Straßenpoesie: Passagenspaziergänge

Die nackten Füße spüren jeden Kopfpflasterstein. Es muss vorher geregnet haben.
Die Nase riecht duftendes Essen. Der Magen sagt Hallo, ich bin da.
Die Augen können sich nicht entscheiden, wohin sie blicken wollen und haben weniger zeit als sie brauchen.

Die Köpfe der Schaufensterpuppen drehen sich, wenn wir nicht hinsehen.
Preisschilder ändern sich, wenn sie jemanden sympathisch finden.
Die Türglocken klingeln dann schon leise und freudig, bevor die Tür sich öffnet.

Ein bärtiger Junge samt Hund posiert vor einer Hauswand und hinter einem Schild: Hund braucht Geld, um Herrchen zu füttern.
Das alte Postamt aus ehrwürdigen Mauern ertrinkt in einer Flut von illegal angebrachten Plakaten.
Eine Werbetafel wirbt wirkungslos für eine Ansammlung zukünftiger Geschäfte, die den gleichen alten Scheiß verkaufen.

Sonnenlicht spiegelt sich in den Pfützen.
Melancholie umspült die nackten Beine.
Wäscht die alten Steine sauber.

Und die Seele füllt sich mit diesem warmen, nicht beschreibbarem Gefühl.

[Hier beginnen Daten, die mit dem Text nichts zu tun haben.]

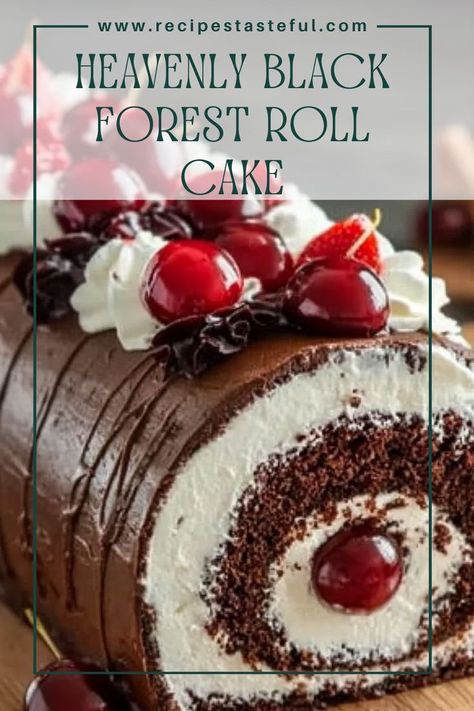 Indulge in this rich and decadent Heavenly Black Forest Roll Cake, featuring a chocolate sponge filled with luscious cherries and whipped cream. This dessert is perfect for special occasions or a delightful treat any time. Sponge Cake Roll Recipe, Black Forest Cherry Cake, Black Magic Cake, Sponge Cake Roll, Black Forest Cake Recipe, Cake Roll Recipes, Chocolate Sponge Cake, Black Forest Cake, Forest Cake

  • Der letzte Satz beschreibt genau das, was der Text macht: Er taucht den Leser in eine Gefühl, das er nicht beschrieben kann. Da sind diese Sätze, in die man eintauchen möchte, und dann wieder welche, zu denen man Abstand nimmt, immer im Wechsel, so dass man denkt: „Mmmh, bin ich jetzt in der Situation drin oder nicht?“
    Jedenfalls ist es toll geschrieben.